Buyology (kindle edition) is about the merging of Neuroscience and Marketing. If that sentence doesn't scare you, it should. Basically, the concept is that we'll take MRIs and other tools of neuroscience and use that to figure out what makes you buy certain brands.

Here's an excerpt:
Do you know why most modern supermarkets now have bakeries so close to the store entrance? Not only does the fragrance of just-baked bread signal freshness and evoke powerful feelings of comfort and domesticity, but store managers know that when the aroma of baking bread or doughnuts assails your nose, you'll get hungry --- to the point where you just may discard your shopping list and start picking up food you hadn't planned on buying... Some Northern European supermarkets don't even bother with actual bakeries, they just pump artificial fresh-baked-bread smell straight into the store aisles from ceiling vents.

In other words, we know now exactly how to manipulate you to get the shopping behavior we want.
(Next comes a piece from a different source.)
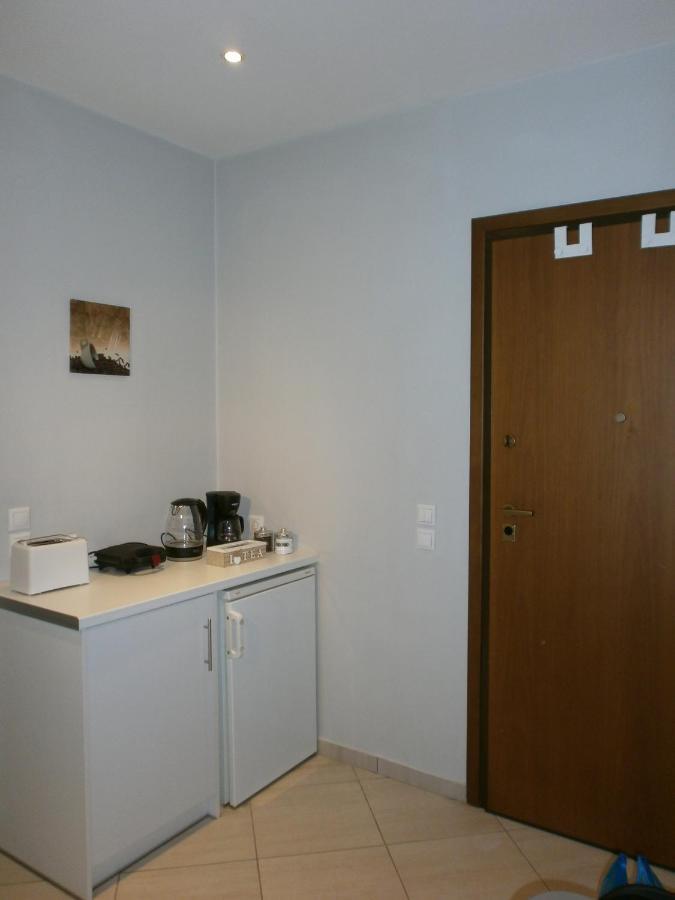 The Island Apartman Athén Kültér fotó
From aroma therapy to product placement, we can get our brands to stick in your mind. There's an interesting section there about American Idol and how Coca Cola uses it and integrates itself so completely into the show that the audience has a 60% recall rate. And most of it is very subtle, from the shape of the studio dressing to the color of the curtains. There's another section about how a Neuroscience technique was used to monitor viewer's reactions to show, and how despite an audience saying they hated the show, their minds were actively engaged, leading to a successful launch of a TV show.

With this arsenal of weapons at corporations' disposal, is it any wonder that the average consumer is helpless in the face of the barrage of advertising?
Most of us can’t really say, “I bought that Louis Vuitton bag because it appealed to my sense of vanity, and I want my friends to know I can afford a $500 purse, too,” or “I bought that Ralph Lauren shirt because I want to be perceived as an easygoing prepster who doesn’t have to work, even though all my credit cards are maxed out.” (kindle edition, loc 2512)
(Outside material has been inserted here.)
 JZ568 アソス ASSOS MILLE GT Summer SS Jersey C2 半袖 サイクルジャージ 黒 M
The tools in this book are highly sophisticated, so your neighborhood stores won't be able to do it. But corporations and political parties can and will use it. Now, you might think that if you knew about how it worked, you'd be immune, right? The truth is that these techniques probably work so well that they work even when you know what they are doing and how they are doing it. As an example, the warning label on cigarette boxes actually make smoking more attractive. And pictures of lung cancer? Even more so!

I guess this book is worth reading, and is hence recommended, but I definitely fear for the future. Fortunately, as someone who doesn't watch TV, my exposure to this is very limited. Perhaps if geeks got together and ran experiments like this and figured out how to make it work for us, we might be able to rule the world too.